= Sisterson =

Sisterson! was a short-run comic book which ran for three or four issues around 1990 and was circulated among London comic shops. "Sisterson!" was a "jam comic", i.e., a collection of comic strips each of which was an unplanned collaborative effort, with one creator drawing the first panel and then passing it on to another to be continued, usually resulting in a comic strip far more strange and unpredictable than any one artist would be likely to devise. Essentially, the comic was used as a method to teach sequential thinking and for studying the approach of other artists and creators.

Notable creators who contributed to Sisterson included Nick Abadzis, John McCrea, D'Israeli, Hunt Emerson, Woodrow Phoenix,
Darryl Cunningham, Charlie Adlard, Roger Langridge, and Simon Fraser.

== History ==
"Jam comics" have many other origins: "Sisterson" was named after a particular example that took place in the Humour Comic Strip class at the London Cartoon Centre (LCC), a series of comics classes that took place at various venues in West London in the late 1980s and early 1990s.

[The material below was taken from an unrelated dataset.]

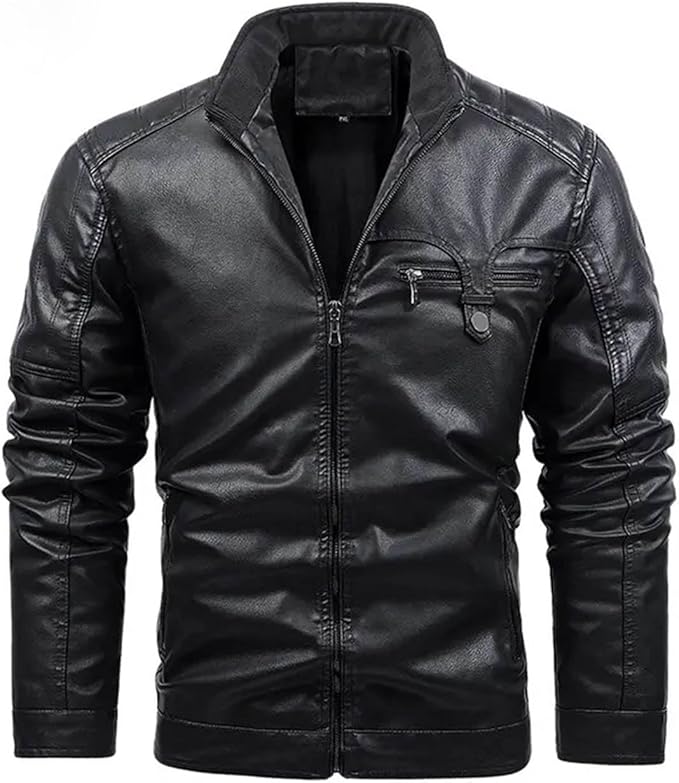 Zip Pocket Fleece Leather Jacket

Taking an idea from then-student/future LCC course director Steve Marchant, one of the attendees, Dennis Sisterson, initiated a jam comic, and it became a regular feature of the class. Tutor Donald Rooum dubbed it "The Sisterson Game" and the name stuck; years later it re-emerged as a postal game. Among the participants at the original London Cartoon Centre class were comic artist/teacher Steve Marchant and writer Andrew Pilcher.

== Rules ==
Rules were developed over the years by various players, eventually distilling into this form: Sisterson is a game for three or more people. A cartoonist cannot draw a panel if one of his or her previous drawings appears within the two prior panels. Participants should follow the story through sequentially, panel by panel; they can not skip a panel or two because they cannot think what should go next. No "unnecessary" sex or violence.

One variety played at the LCC involved placing a panel at any unused point in the strip, not necessarily the panel following the one previously drawn, but this made things just a bit too difficult.